Hierarchical Gradient Coding: From Optimal Design to Privacy at Intermediate Nodes

Abstract

Gradient coding is a distributed computing technique for computing gradient vectors over large datasets by outsourcing partial computations to multiple workers, typically connected directly to the server. In this work, we investigate gradient coding in a hierarchical setting, where intermediate nodes sit between the server and workers. This structure reduces the communication load received at the server, which is a bottleneck in conventional gradient coding systems. In this paper, the intermediate nodes, referred to as relays, process the data received from workers and send the results to the server for the final gradient computation. Our main contribution is deriving the optimal communication-computation trade-off by designing a linear coding scheme, also considering straggling and adversarial nodes among both relays and workers. We propose a coding scheme which achieves both the optimal relay-to-server communication load and the optimal worker-to-relay communication load.
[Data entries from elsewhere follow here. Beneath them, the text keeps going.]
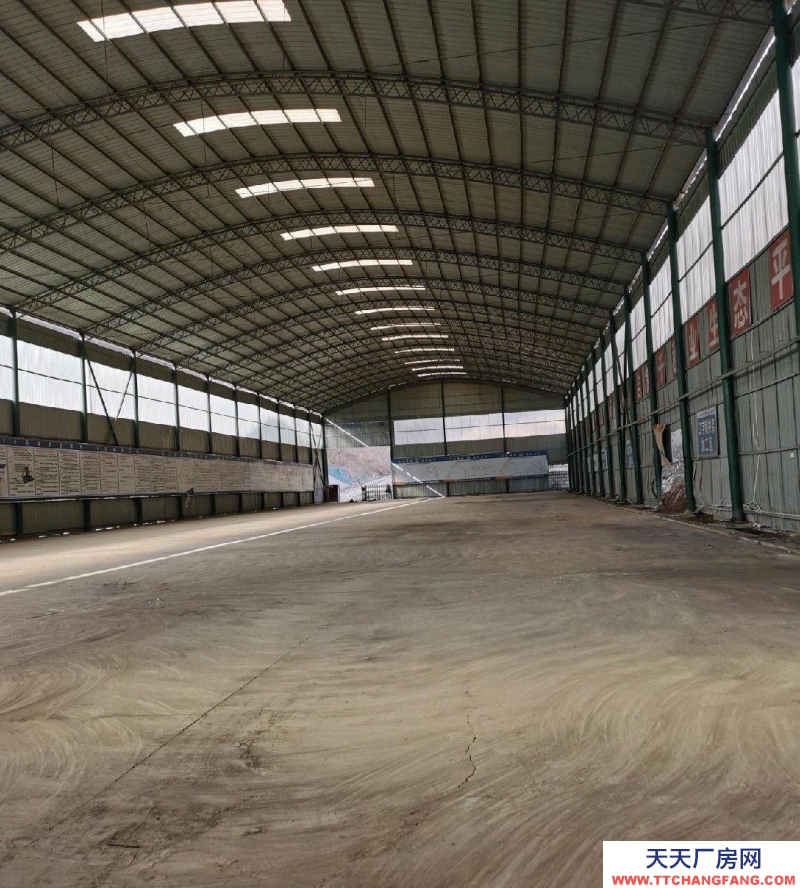 (出租)天水秦城 空置廠房，超大面積，可做料場 庫房【租金可面議】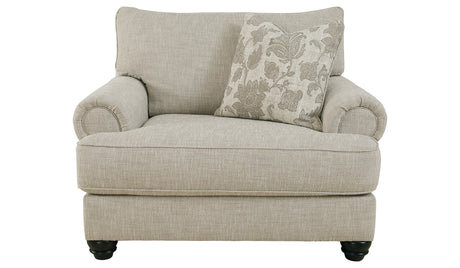 Asanti Fog Living Room Set from Ashley - Luna Furniture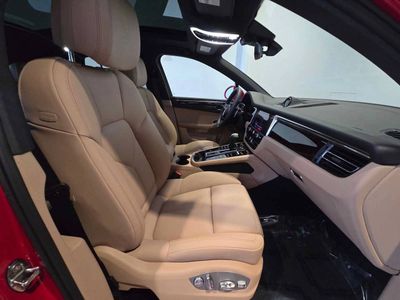 2026 Porsche Macan — interior view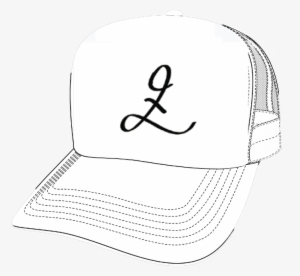Drawn Hat Trucker - Hat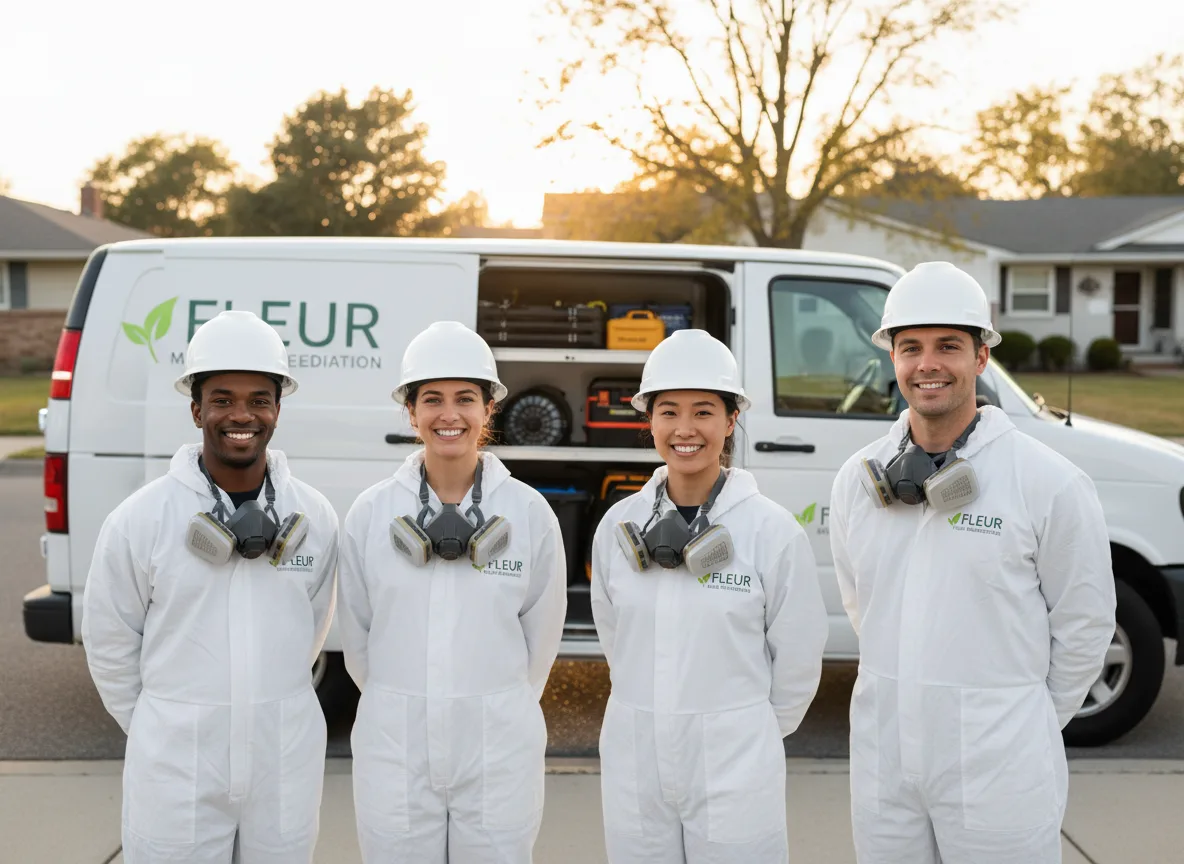 Mold Remediation company in North Dighton, MA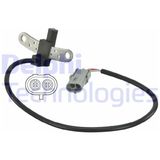 Delphi Depomix Krank Mili Sensörü Renault 5 Supercinq, 9, 19, 21, 25, Clio, Espace, Laguna, Megane, Safrane, Twingo 04/84-12/96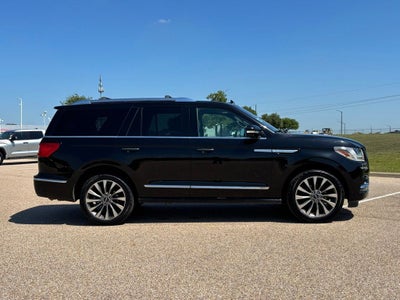 2020 Lincoln Navigator Reserve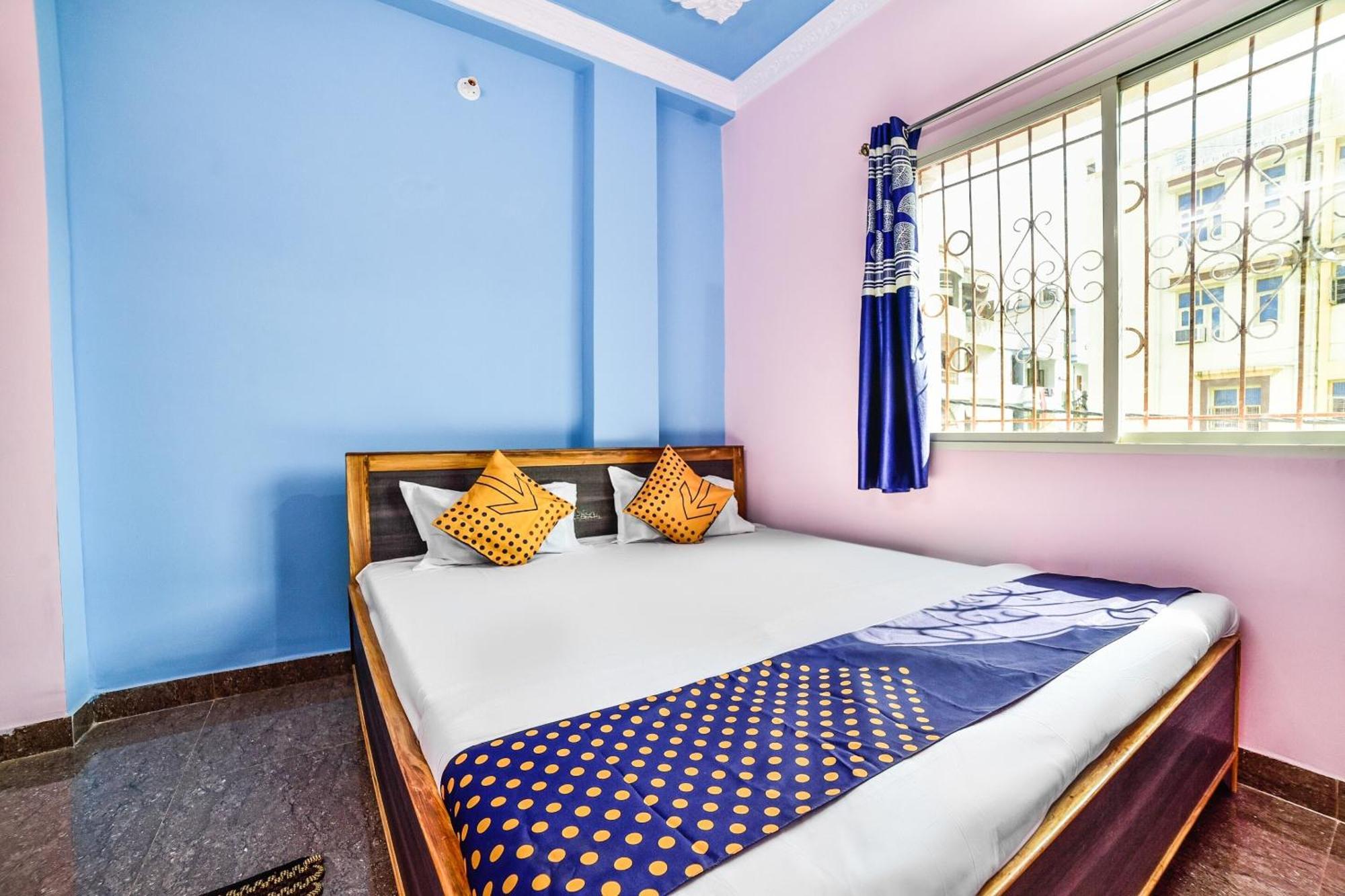 Spot On Devlok Guest House Patna  Dış mekan fotoğraf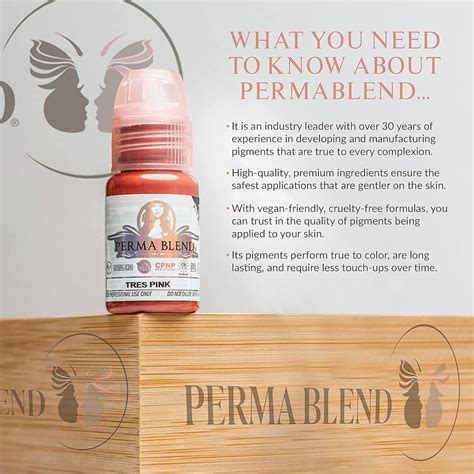 PermaBlend Perma Blend Permanent Makeup for Eyebrows, Used for India | Ubuy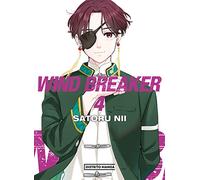 Wind Breaker 4 (Shônen)
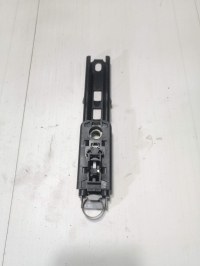 Регулятор высоты ремня безопастности, MERCEDES BENZ, M-CLASS, W164, M272E35, 2005, L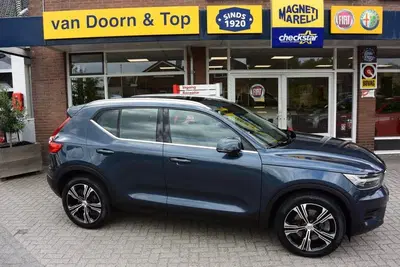 Volvo XC40 1.5 T5 RECH. INSCR. uit 2022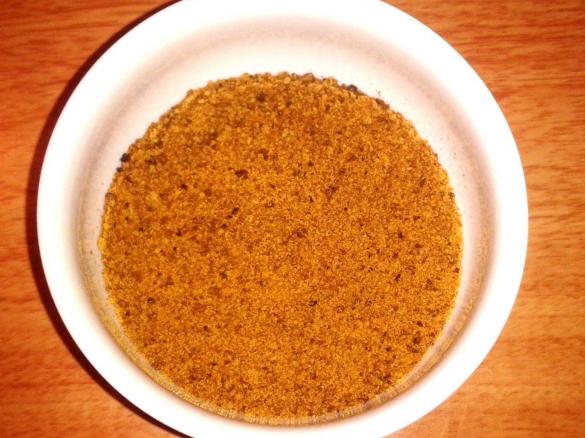 dado granulare vegetale senza glutammato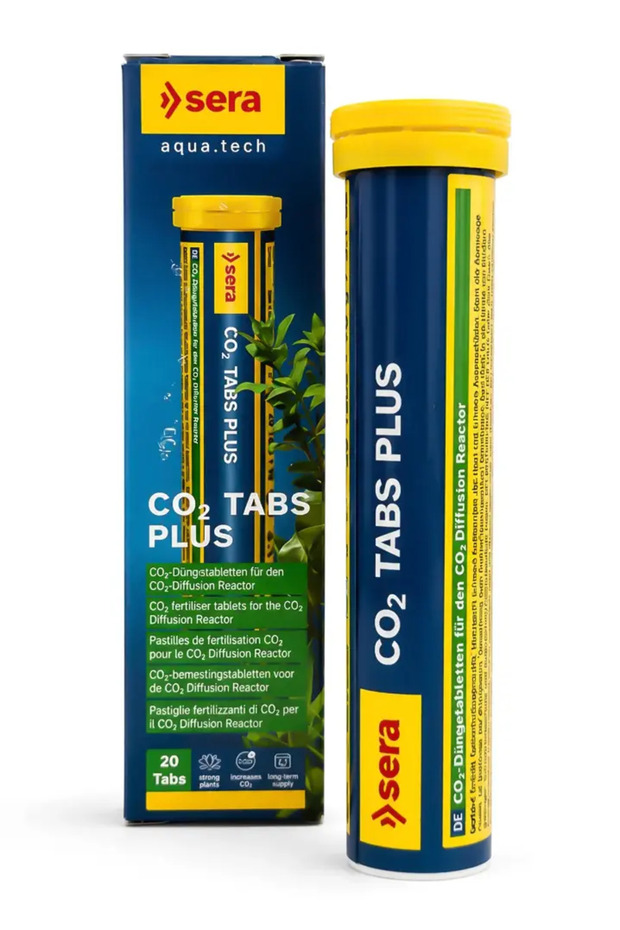 Co2 Tabs Plus 20 Tabs[Count - 20]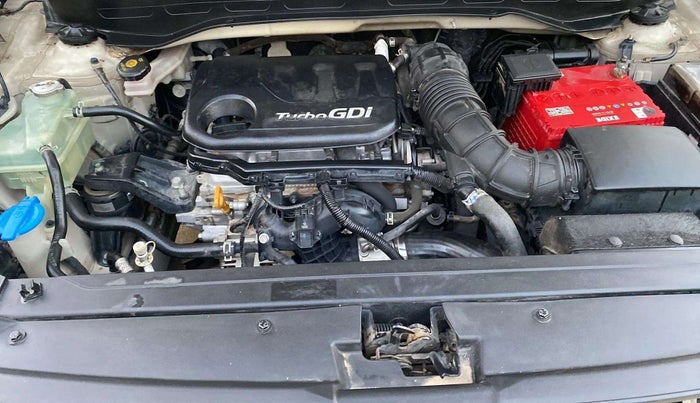 2019 Hyundai VENUE SX PLUS 1.0 TURBO DCT, Petrol, Automatic, 44,210 km, Open Bonet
We further extend our setting to incorporate privacy by requiring that relays learn no information about the computed partial gradients from the messages they receive. This is achieved by introducing shared randomness among workers, allowing each worker to encode its partial gradients such that the randomness cannot be canceled out at the relay. Meanwhile, the server can successfully decode the global gradient by eliminating this randomness after receiving the computations of the non-straggling relays. Importantly, this privacy guarantee is achieved without increasing the overall communication load.